Product and brand promotion
To assess the proportion of products within company portfolio’s (not-)permitted to be marketed to children the WHO-model was applied. The WHO-model determines per product category whether products should be (not-)permitted to be marketed to children. An overview of the 17 product categories included in the WHO-model can be found in Supplementary file 3. While a threshold for nutrients of concern determines if a product could be permitted to be marketed to children for most product categories, some categories are entirely permitted (such as ‘Fresh and frozen meat, poultry, fish and similar’ and ‘Fresh and frozen fruit, vegetables and legumes’) or not-permitted to be marketed to children (such as ‘Chocolate and sugar confectionery, energy bars, and sweet toppings and desserts’; ‘Cakes, sweet biscuits and pastries, other sweet bakery wares, and dry mixes for making such’; ‘Juices’; ‘Energy drinks’ and ‘Edible ices’) . From a public health perspective it would be expected that companies with a higher proportion of products not-permitted to be marketed to children would have stronger commitments in place to reduce such practices.

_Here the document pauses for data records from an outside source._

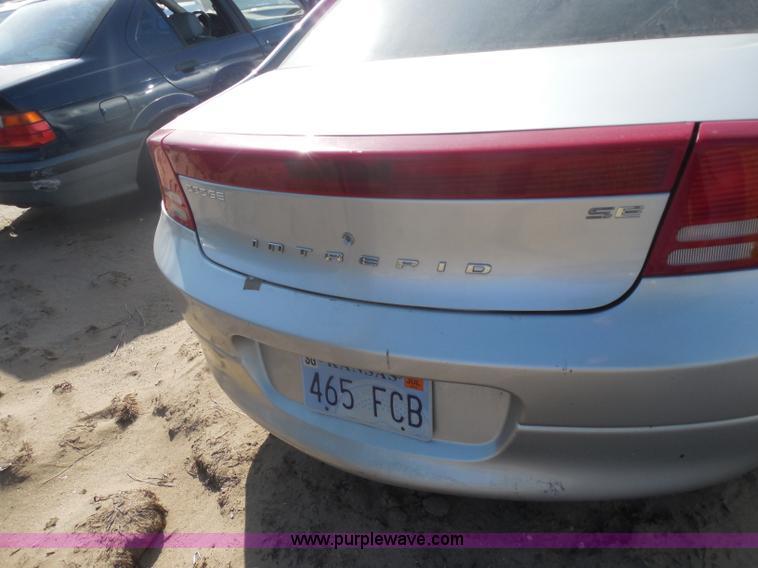 image for item I1277 2002 Dodge Intrepid SE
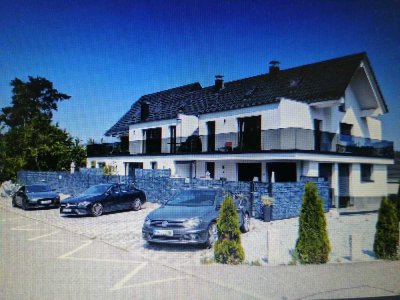 Neuwertige 3-Zimmer-EG-Wohnung mit Balkon in Karlsbad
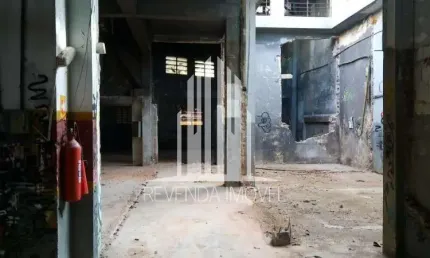 Galpão Comercial para Locação em São Paulo-SP, bairro Cambuci, 1.200m² de Área Disponível!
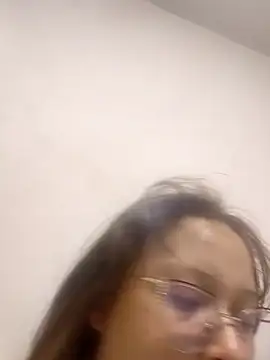 Snapshot of lucyy06 chatting on 12, 7, 2026 lucyy06 online show from 12, 7, 2026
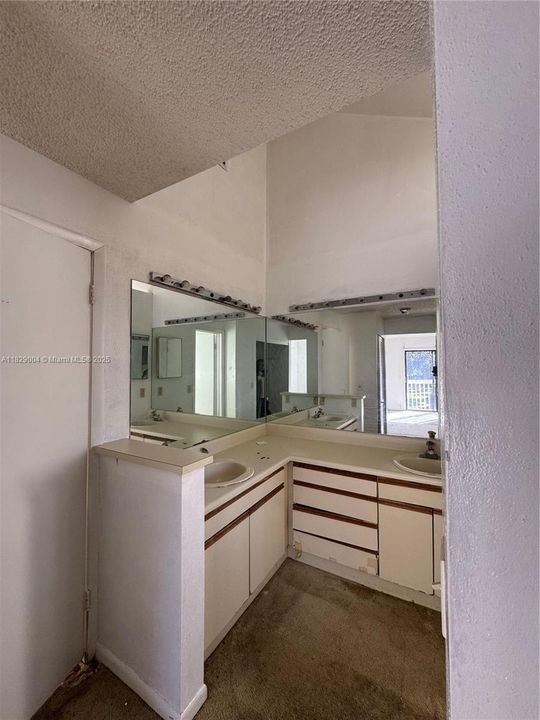 For Sale: $239,900 (3 beds, 2 baths, 1336 Square Feet)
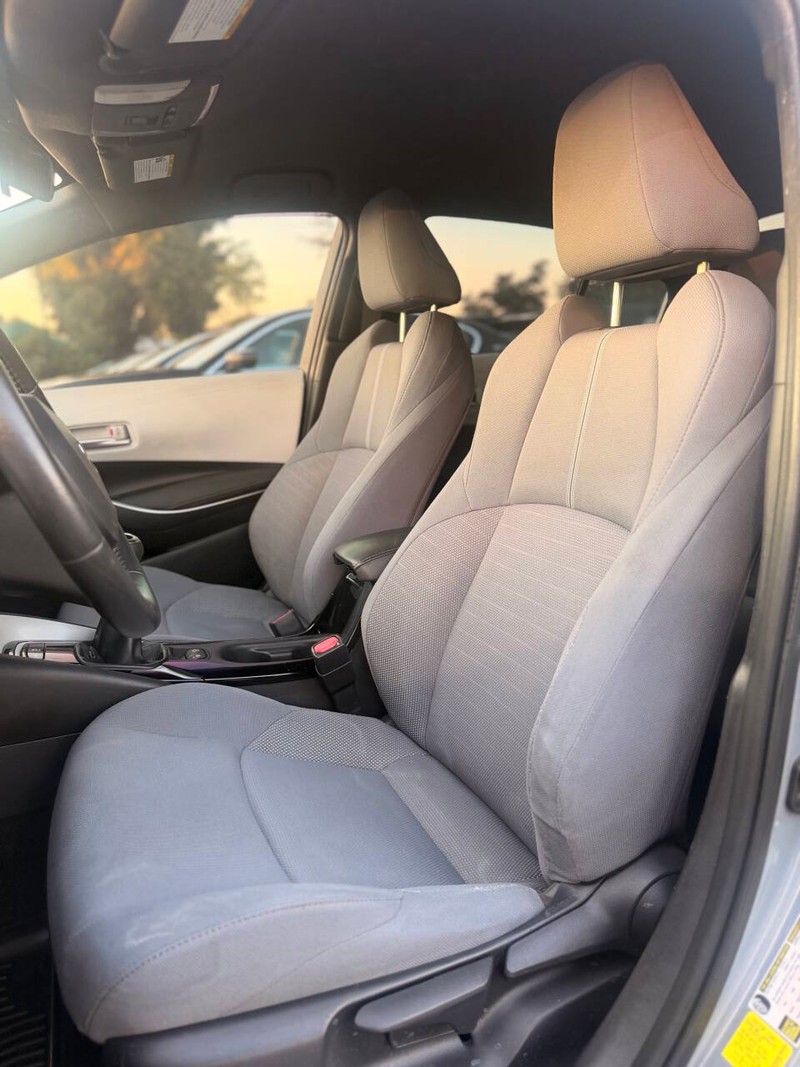 Toyota Corolla Vehicle Full-screen Gallery Image 12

To specifically evaluate the products promoted by supermarkets, food promotions in the flyers of the six biggest supermarkets in France were collected online from the weekly/two-weekly circulars over a six-month period (October 2019 – March 2020). All promotions were entered into a database and manually classified according to the NOVA-classification and the 17 food categories of the WHO-model (Supplementary file 3). Per product the following information was recorded: product- and brand name, type of promotional character, the level of discount, type of incentive offer, if the product was a fresh fruit or vegetable, whether the product was a fresh meat or fish product and the Nutri-Score . The proportion of promotions for ultra-processed foods, foods with promotional characters, incentive offers or discounts and the proportion of promotions for fresh fruits and vegetables were calculated. Data were analysed separately per supermarket.
The relationship between commitments and practices
Correlations (𝝆-values) between commitments and practices were calculated applying the Spearman’s rank correlation coefficient, a non-parametric test that measures the direction and strength of a monotonic association between two variables. 𝝆-values range from − 1, indicating a perfect negative correlation between two variables to + 1, indicating a perfect positive correlation between variables. Correlations were calculated between commitments made within the domain ‘Product formulation’ and the proportion of products within the portfolio with Nutri-Score A and B and D and E. Correlations between the domain ‘Product formulation’ and the proportion of ultra-processed products were also calculated. Lastly, correlations between commitments within the domain ‘Product and brand promotion’ and the proportion of products not-permitted to be marketed to children according to the WHO-model were assessed.
𝝆 -values between 0.5 and 1 as well as between − 0.5 and − 1 were considered to represent a moderate to strong correlation. P-values < 0.05 were considered statistically significant. All analyses were performed using Microsoft Excel and SAS 9.4 (Cary, USA, 2018).